● **RECORDS SUPPLIED**:
....

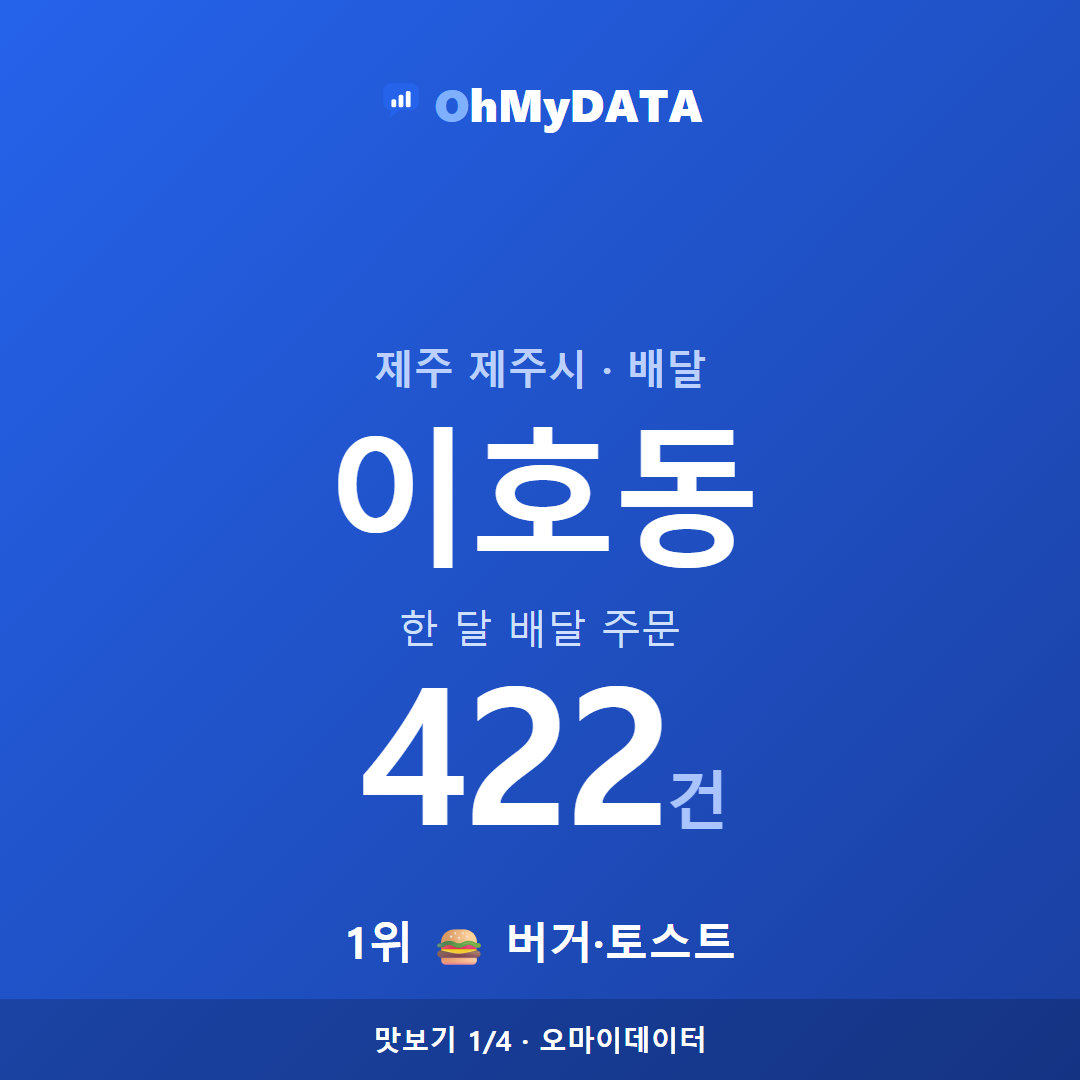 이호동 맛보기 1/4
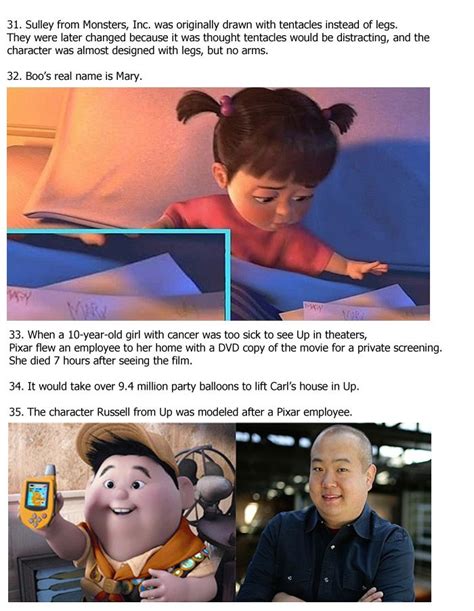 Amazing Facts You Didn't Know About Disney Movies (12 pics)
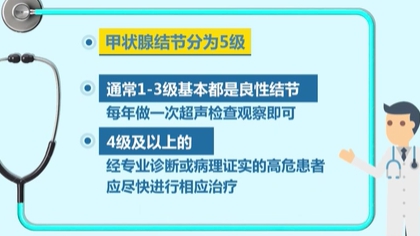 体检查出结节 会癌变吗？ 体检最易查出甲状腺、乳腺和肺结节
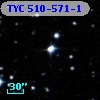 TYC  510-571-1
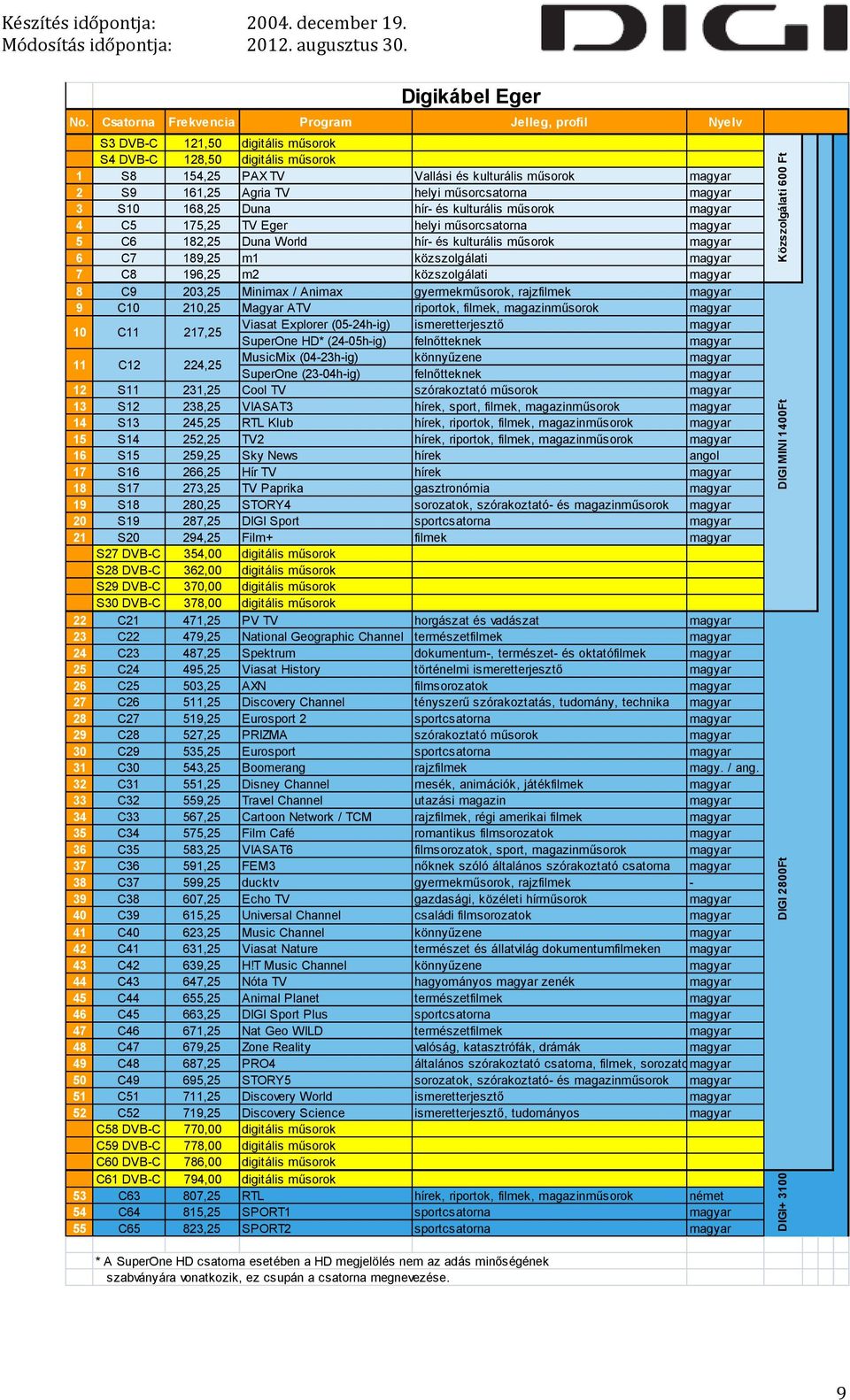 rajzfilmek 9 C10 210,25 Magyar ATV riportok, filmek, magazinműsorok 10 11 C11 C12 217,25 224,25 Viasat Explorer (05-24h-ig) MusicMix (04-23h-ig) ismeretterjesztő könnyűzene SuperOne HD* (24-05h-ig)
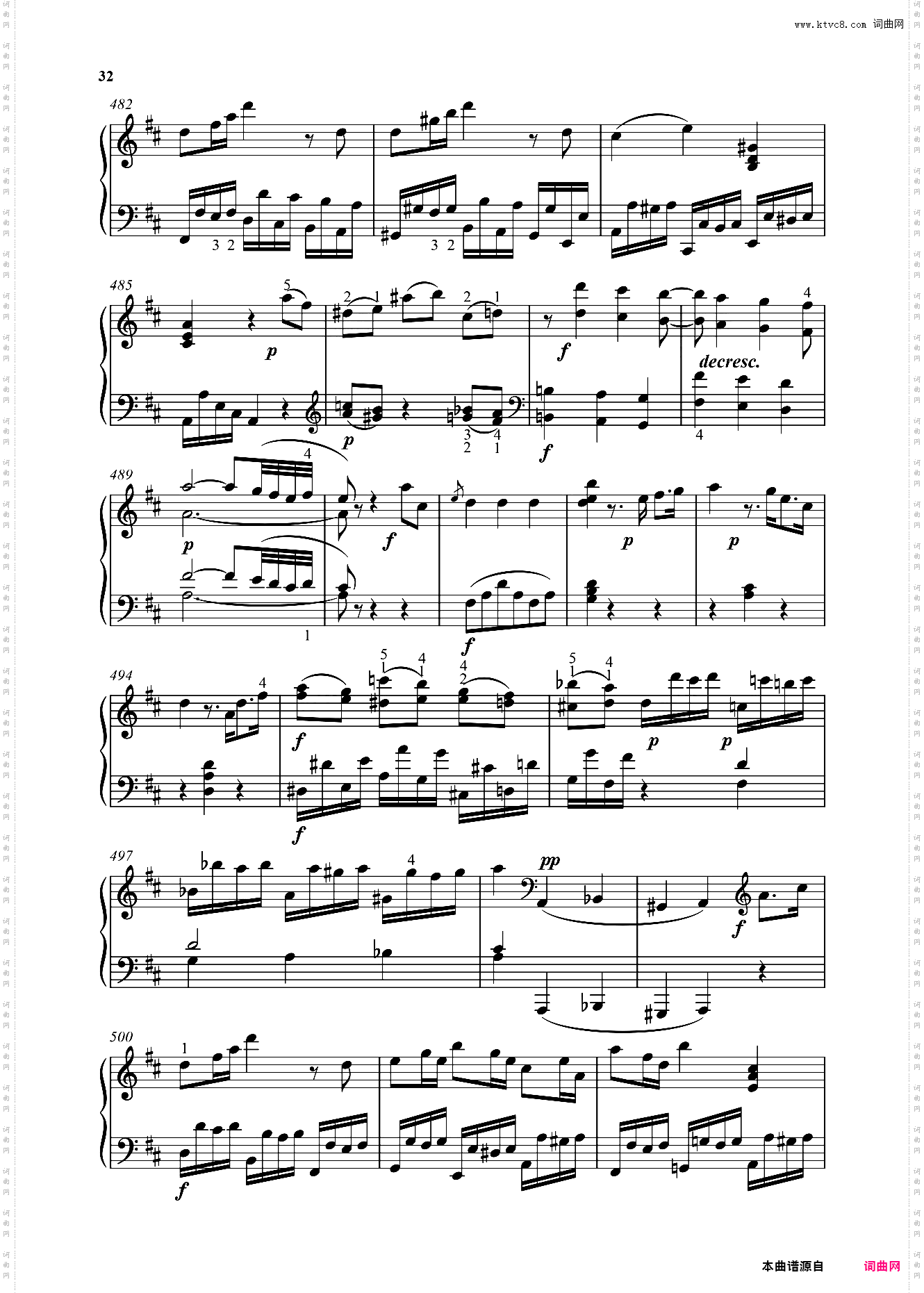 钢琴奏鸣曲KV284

....

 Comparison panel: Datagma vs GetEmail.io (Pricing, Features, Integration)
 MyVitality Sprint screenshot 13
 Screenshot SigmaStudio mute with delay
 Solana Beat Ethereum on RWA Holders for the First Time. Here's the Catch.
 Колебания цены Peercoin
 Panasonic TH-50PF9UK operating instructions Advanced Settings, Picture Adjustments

....

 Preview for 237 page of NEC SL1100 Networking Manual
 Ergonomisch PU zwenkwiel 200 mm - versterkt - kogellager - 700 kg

....

● **TASK DIRECTIONS**:
Taking the listing above as the source, transcribe only the lines starting at the line with "Solana Beat Ethereum" and going through the line with "Panasonic TH-50PF9UK operating", unaltered and with both ends included.

● **RESPONSE TO THE EXERCISE**:
 Solana Beat Ethereum on RWA Holders for the First Time. Here's the Catch.
 Колебания цены Peercoin
 Panasonic TH-50PF9UK operating instructions Advanced Settings, Picture Adjustments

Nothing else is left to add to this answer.